Or quelques millions de tonnes de grains importées en moins suffisent pour infléchir les marchés céréaliers et faire baisser les prix mondiaux.

 

Emprise sur le marché de la viande

La Chine est en tête des pays producteurs de viande de la planète mais aussi des pays importateurs. Aussi, la viande qu’elle n’importe pas est expédiée vers d’autres marchés.

En 2021, la production chinoise de volailles (22,8 Mt  sur 135 Mt à l’échelle mondiale) a progressé de 2 %. Mais la Chine a importé 1,9 Mt de viande de poulet, ce qui la situe en tête des pays importateurs de volailles.

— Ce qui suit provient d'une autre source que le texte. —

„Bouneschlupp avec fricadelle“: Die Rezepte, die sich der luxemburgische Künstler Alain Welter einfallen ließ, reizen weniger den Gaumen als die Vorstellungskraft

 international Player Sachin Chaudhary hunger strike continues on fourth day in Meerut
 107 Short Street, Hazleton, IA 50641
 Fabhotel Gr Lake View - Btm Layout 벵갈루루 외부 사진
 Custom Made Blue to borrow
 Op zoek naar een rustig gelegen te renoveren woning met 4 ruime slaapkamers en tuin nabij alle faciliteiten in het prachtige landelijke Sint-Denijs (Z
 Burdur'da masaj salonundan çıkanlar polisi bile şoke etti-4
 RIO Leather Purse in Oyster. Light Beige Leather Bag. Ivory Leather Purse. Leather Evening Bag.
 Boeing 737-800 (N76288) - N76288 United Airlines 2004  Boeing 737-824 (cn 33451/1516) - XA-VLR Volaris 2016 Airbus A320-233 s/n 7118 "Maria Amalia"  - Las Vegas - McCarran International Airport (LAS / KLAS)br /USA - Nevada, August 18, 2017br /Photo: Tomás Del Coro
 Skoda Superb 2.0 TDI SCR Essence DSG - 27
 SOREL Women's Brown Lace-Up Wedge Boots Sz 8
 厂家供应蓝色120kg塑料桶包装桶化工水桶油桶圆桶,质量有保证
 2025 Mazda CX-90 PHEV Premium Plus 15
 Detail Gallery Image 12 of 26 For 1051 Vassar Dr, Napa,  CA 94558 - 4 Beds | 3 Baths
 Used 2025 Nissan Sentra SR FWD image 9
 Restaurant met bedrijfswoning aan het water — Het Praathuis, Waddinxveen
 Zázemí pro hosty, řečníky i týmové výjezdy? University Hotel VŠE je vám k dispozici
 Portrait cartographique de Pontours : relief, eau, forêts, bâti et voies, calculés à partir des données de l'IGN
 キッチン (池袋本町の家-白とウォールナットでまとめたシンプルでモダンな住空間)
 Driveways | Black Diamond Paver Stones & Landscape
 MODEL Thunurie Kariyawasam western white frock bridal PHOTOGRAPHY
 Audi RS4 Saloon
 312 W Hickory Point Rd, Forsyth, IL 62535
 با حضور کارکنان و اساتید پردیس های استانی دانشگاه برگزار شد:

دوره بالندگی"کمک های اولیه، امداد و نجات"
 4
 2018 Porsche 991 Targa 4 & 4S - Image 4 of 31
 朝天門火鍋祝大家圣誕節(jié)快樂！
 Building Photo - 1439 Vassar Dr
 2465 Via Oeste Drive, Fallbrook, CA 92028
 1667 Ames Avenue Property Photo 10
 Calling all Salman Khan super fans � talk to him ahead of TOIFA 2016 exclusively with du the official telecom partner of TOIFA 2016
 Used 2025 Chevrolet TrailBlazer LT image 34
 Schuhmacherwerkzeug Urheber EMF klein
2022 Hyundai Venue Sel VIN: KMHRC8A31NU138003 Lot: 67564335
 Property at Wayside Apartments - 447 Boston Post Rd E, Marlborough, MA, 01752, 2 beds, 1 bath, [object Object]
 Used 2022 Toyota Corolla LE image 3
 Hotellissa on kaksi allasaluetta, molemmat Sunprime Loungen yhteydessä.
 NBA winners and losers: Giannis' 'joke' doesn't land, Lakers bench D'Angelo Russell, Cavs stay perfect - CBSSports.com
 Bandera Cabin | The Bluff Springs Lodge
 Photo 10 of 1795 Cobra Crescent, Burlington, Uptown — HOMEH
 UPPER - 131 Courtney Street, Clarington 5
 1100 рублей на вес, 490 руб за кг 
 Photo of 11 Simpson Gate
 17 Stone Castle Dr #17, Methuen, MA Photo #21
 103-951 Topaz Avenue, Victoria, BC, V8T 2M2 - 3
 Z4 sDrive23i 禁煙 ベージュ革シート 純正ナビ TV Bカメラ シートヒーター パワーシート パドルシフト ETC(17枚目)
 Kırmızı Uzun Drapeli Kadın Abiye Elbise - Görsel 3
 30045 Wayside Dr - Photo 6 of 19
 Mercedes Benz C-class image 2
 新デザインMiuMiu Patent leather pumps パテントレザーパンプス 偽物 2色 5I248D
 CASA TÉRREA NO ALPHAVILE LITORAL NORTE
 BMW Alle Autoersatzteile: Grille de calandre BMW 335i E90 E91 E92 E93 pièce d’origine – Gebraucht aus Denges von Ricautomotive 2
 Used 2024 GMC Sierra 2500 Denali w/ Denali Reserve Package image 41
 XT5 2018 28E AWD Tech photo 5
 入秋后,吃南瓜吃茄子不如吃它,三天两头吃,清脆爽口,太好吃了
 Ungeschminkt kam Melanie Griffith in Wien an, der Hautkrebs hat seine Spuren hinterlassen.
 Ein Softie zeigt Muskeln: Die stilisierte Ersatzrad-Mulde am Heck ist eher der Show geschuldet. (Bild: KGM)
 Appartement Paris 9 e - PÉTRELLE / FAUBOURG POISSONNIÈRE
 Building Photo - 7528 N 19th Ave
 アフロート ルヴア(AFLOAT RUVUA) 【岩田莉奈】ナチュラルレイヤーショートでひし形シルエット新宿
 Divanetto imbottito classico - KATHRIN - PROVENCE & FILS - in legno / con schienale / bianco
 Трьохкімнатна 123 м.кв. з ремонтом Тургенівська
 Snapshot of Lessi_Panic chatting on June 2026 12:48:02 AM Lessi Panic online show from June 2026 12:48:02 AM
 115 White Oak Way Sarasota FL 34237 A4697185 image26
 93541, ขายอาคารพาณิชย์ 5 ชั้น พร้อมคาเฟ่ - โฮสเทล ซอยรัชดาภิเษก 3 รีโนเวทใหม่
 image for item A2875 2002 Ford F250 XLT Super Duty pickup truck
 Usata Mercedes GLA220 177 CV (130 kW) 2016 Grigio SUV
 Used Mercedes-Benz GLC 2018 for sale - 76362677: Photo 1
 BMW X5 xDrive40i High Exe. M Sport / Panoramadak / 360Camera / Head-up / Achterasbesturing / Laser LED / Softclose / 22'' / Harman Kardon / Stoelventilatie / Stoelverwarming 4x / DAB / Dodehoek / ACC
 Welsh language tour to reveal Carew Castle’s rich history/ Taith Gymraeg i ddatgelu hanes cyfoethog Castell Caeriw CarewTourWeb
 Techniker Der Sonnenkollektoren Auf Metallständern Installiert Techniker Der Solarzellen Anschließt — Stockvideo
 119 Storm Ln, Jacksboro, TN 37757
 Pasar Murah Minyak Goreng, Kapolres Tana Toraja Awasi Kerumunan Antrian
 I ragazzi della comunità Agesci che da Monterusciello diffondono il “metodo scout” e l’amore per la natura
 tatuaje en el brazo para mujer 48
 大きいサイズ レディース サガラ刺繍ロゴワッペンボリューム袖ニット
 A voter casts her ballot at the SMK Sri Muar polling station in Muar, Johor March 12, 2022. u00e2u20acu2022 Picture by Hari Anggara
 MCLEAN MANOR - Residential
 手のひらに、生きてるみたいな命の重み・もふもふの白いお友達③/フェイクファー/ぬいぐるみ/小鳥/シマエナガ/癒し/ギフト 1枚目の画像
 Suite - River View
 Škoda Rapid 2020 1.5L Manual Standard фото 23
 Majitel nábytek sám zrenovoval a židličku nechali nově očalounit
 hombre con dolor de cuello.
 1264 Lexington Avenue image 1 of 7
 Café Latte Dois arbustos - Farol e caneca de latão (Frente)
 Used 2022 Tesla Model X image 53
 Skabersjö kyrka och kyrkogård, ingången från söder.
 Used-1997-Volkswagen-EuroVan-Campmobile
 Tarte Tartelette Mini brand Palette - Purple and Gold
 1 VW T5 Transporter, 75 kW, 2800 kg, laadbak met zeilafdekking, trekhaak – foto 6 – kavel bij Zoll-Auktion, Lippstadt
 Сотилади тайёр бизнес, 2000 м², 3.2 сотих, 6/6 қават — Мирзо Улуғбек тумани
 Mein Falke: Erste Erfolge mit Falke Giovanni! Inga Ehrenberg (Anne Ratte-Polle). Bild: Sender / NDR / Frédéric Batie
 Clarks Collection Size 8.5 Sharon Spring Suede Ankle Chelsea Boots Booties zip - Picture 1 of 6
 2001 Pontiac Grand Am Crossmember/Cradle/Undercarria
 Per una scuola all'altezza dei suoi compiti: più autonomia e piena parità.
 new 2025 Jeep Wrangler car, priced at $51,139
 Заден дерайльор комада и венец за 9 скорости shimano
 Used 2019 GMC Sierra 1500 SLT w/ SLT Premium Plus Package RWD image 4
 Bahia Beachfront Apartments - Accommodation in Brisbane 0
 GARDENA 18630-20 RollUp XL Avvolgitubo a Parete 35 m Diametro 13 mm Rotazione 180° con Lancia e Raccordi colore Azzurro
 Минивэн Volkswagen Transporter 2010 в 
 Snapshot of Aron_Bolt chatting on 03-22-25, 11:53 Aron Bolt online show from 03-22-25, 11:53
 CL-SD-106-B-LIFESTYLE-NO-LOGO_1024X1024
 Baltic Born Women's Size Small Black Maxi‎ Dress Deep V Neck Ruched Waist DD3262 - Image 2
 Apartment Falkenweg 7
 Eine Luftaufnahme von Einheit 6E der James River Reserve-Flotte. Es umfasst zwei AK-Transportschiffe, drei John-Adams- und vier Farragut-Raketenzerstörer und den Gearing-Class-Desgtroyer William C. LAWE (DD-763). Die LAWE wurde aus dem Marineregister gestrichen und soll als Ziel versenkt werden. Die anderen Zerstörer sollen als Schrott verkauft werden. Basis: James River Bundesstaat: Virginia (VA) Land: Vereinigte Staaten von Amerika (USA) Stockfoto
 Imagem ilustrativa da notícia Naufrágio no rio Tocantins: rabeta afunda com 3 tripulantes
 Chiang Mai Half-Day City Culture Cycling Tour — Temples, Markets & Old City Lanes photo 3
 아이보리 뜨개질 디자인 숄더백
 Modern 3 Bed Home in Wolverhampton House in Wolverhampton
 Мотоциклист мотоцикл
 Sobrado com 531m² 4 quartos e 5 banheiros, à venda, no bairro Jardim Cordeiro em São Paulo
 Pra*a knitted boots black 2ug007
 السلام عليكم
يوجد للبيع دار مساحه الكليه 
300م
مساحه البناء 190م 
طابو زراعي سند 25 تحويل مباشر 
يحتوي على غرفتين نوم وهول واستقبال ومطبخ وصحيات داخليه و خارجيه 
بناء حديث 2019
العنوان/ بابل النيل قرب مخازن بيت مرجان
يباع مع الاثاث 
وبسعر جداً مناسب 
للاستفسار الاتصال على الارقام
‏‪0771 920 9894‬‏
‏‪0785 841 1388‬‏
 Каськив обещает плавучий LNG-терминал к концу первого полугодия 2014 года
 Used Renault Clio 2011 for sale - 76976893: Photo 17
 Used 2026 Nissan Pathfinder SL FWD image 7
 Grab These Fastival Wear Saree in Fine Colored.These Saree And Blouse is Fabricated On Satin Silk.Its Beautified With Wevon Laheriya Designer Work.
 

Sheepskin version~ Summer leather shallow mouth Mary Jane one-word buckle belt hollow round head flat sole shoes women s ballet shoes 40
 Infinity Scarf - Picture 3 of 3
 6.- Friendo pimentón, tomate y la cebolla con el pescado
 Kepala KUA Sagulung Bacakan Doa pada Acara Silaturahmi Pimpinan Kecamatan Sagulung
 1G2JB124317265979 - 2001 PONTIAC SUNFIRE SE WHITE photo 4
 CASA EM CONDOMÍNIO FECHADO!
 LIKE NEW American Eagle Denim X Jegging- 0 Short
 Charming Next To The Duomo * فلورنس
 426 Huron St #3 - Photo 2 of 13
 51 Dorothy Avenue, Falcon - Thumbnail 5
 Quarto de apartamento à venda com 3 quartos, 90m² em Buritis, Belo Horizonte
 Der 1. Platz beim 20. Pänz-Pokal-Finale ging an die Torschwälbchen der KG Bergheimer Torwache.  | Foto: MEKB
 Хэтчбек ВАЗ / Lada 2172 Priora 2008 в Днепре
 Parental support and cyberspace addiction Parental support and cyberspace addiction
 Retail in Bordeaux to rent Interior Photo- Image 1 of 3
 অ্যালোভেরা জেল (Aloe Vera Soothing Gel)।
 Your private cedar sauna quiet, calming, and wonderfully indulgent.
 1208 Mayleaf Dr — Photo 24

En 2021 encore, la Chine a acheté 4,8 millions de tonnes équivalent carcasse (Mtéc) de viande de porc contre 5,6 Mtéc en 2020 et 2,2 Mtéc en 2016. Comme l’Empire du milieu ne semble toujours pas en mesure de maitriser la peste porcine, il recourt massivement à l’import depuis quelques mois pour approvisionner son marché intérieur. En France, les cours du porc flambent.

L’an passé, la Chine est restée le premier importateur mondial de viande ovine et détournera les viandes expédiées de Nouvelle Zélande et d’Australie du marché européen.

L’Empire du milieu a acheté 430 000 t en plus des 5,02 Mt qu’elle a produit en 2021 – un tiers de la production mondiale. Et quand la Nouvelle Zélande fournit la Chine en viande ovine, elle n’abonde pas le marché européen.

Quatrième pays producteur de viande bovine, l’Empire du milieu assèchera les disponibilités mondiales. En 2021, l’offre mondiale (71,8 Mt) était inférieure d’1 Mt à celle de 2019. L’an passé l’Empire du milieu a produit 6,9 Mt et a en importé 3,5 Mt, soit 6 fois plus qu’en 2016, avant que n’émergent la grippe aviaire et la peste porcine. Les cours de la viande bovine sont partis pour rester très élevés car l’offre mondiale ne progresse plus suffisamment.

(1) hors stocks encore détenus issus de la campagne 2021-2022.